**YOUR TASK**
Exclude the pictures and set down, unaltered, the lines from the one that holds "Out of about 40 petri" through the end of the data.

**INPUT DATA**

--- --- ---

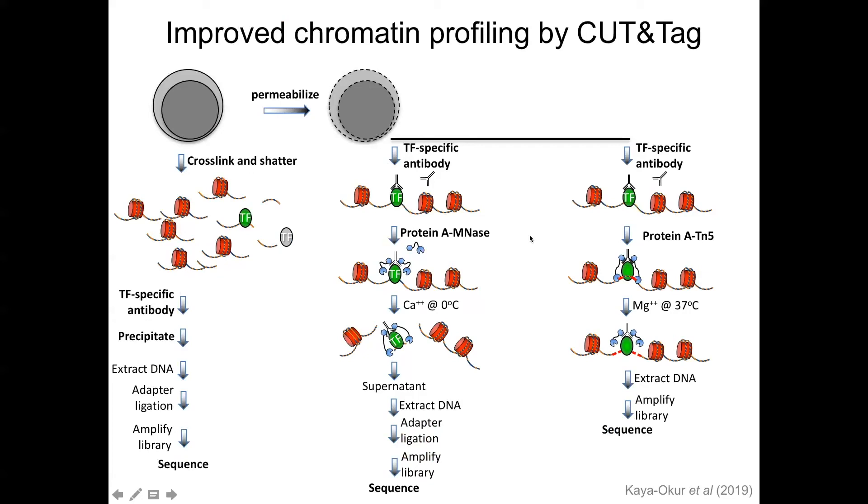But that's not the only way of doing things. Over the years we developed a technology we called Cut and Run. This is based on Uli Lemley's idea of tethering an antibody in situ to a nucleus, and then tethering protein A MNase, which will — in a series of reactions — bind the antibody, bind protein A MNase, activate the MNase, and cleave the DNA. You sequence the released DNA fragment, and that's mapping where the binding site for your protein was.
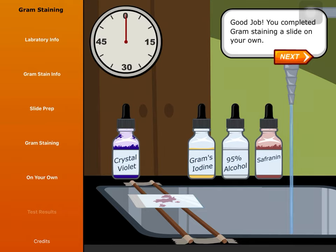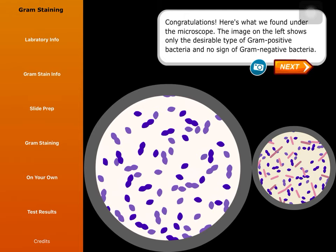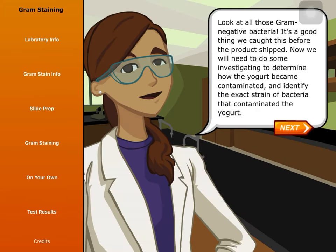Good job — you completed gram staining a slide on your own! Here's what we found under the microscope. The image on the left shows only the desirable type of gram-positive bacteria and no sign of gram-negative bacteria. The one on the right is contaminated — notice the pink-stained bacteria; those are gram-negative. These contaminants include undesirable bacteria that could be harmful. It's a good thing we caught this before the product shipped. Now we will need to do some investigating to determine how the yogurt became contaminated and identify the exact strain of bacteria.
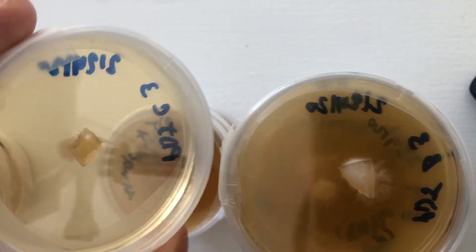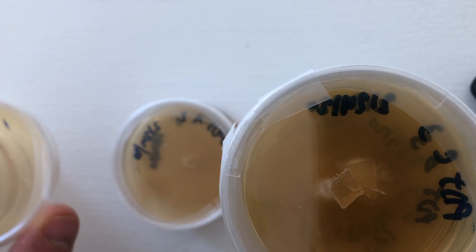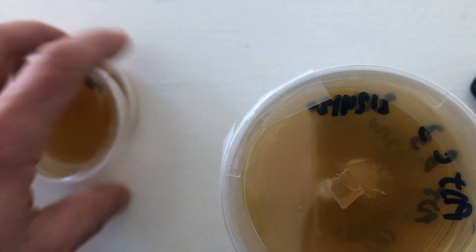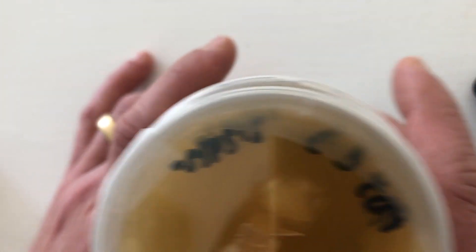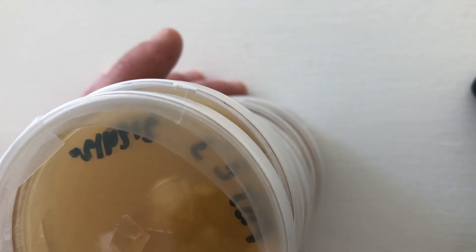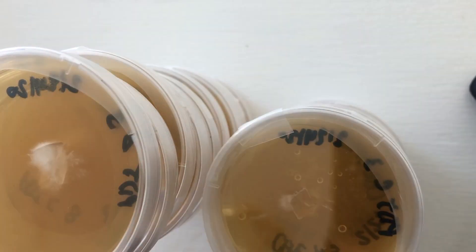Out of about 40 petri dishes initially — there's a good streak plate, there's another good streak plate isolate, that one's got some bacteria — so out of about 40 plates originally, I've got about 15 isolates that are clean for pink oyster, and probably another three that I can clean up.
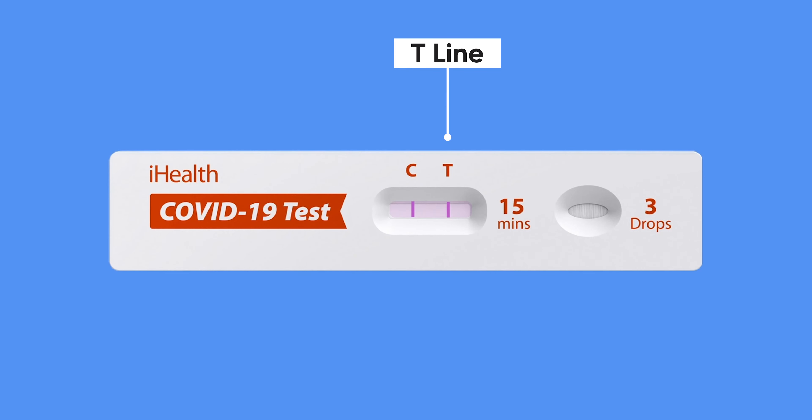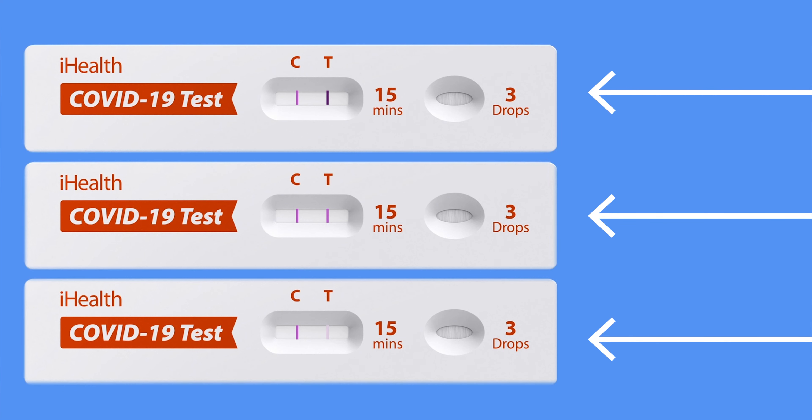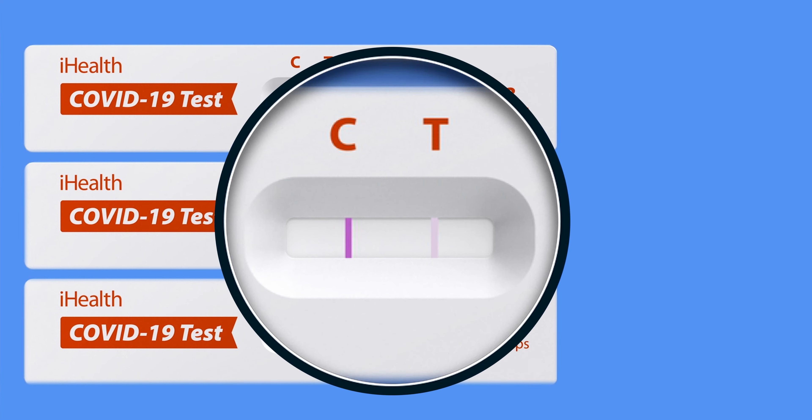The T line is the test line. A line will only appear under the T if you have tested positive for the virus. If there is no line under the T, then the test did not detect any virus in your sample. Nice! Be aware that, depending on certain factors such as how long the virus has been in your system, the line under the T may be very faint. Regardless of how light or dark, any line at all under the T means that you have tested positive for the virus. If you're unsure, you may wish to use a magnifying glass or hold the test card under a bright light for closer inspection.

--- --- ---

**REPLY**
Out of about 40 petri dishes initially — there's a good streak plate, there's another good streak plate isolate, that one's got some bacteria — so out of about 40 plates originally, I've got about 15 isolates that are clean for pink oyster, and probably another three that I can clean up.
The T line is the test line. A line will only appear under the T if you have tested positive for the virus. If there is no line under the T, then the test did not detect any virus in your sample. Nice! Be aware that, depending on certain factors such as how long the virus has been in your system, the line under the T may be very faint. Regardless of how light or dark, any line at all under the T means that you have tested positive for the virus. If you're unsure, you may wish to use a magnifying glass or hold the test card under a bright light for closer inspection.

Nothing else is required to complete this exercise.